No financial details are shared.
Travelfusion CEO Moshi Rafiah told Tnooz that the deal was "technology driven." The pair have had a commercial relationship since 2013 which will be strengthened by the deal. But Travelfusion will also continue to grow as a standalone business.

"Ctrip are the biggest user of our technology and we power the low cost carrier content on the site. Over time we will see more of our products and inventory distributed on Ctrip.
"But there will be some reciprocity - and we will be making some of Ctrip's inventory available to our customers."
Travelfusion describes itself as a global distribution system for low cost carriers, and has direct connect relationships with more than 250 airlines worldwide (and some with whom it works on a screenscraping basis). It claims to have access to more LCC content than the established GDSs.
It also works with some airline consolidators and is looking to add more scheduled airline content "using NDC as it becomes available," Rafiah said.
The air content is then made available to made online and offline agents in the business and leisure sectors through an API.
Travelfusion also distributes some 700,000 hotel properties in the same way, sourcing the content through a direct connect with wholesalers and some major chains.
It also connects to the booking engines of most of the major rail companies in Europe and North America. Rafiah added that Travelfusion was working to secure rail content from India, China and Japan.
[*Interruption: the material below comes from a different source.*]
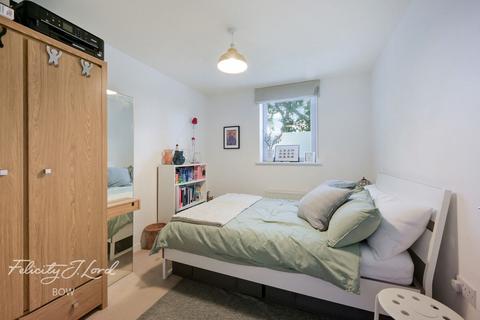 2 bedroom flat for sale, Bow Road, LONDON E3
"This is proving difficult to secure. Regulatory issues are the problem because we have the technology in place. But we have the same approach to rail as we do to LCCs and that it is to make sure we deal directly with the supplier to get the content."
From Ctrip's perspective, the deal is very much focused on making international inventory available to Ctrip's Chinese customer base. 2014 is widely tipped as the year in which China becomes the world's biggest outbound market (and the world's biggest domestic market in 2017)
Travelfusion also brings an innovative international payments product to the Ctrip party, combining a payments engine directly into its distribution product.

"Settlement is as much a part of what we do as distribution. We think we have a unique offer in that we settle directly with the airlines who operate outside BSP in their local currency, while allowing the payment to be made in RMBs."
As a standalone business Rafiah is confident that its existing arrangements with Ctrip's competitors - including Qunar - will remain in place.

"We work with most online travel agents in some capacity. Ctrip will look to leverage our technology but it also wants us to continue to grow as a standalone independent technology business with a truly global footprint."
Rafiah couldn't comment on Ctrip's strategy for international markets, although it will be interesting to see whether having a stake in Travelfusion will ease Ctrip into becoming a global OTA. Qunar, for example, has quietly launched qua.com to test the waters for the international markets, and it is possible that Alibaba's global aspirations will see its alitrip.com brand operate in a number of territories.
A Ctrip.com global OTA, powered by Travelfusion, with a bit of help from minority stakeholder Priceline Group, could be an interesting start-up in the mature markets of North America and Europe.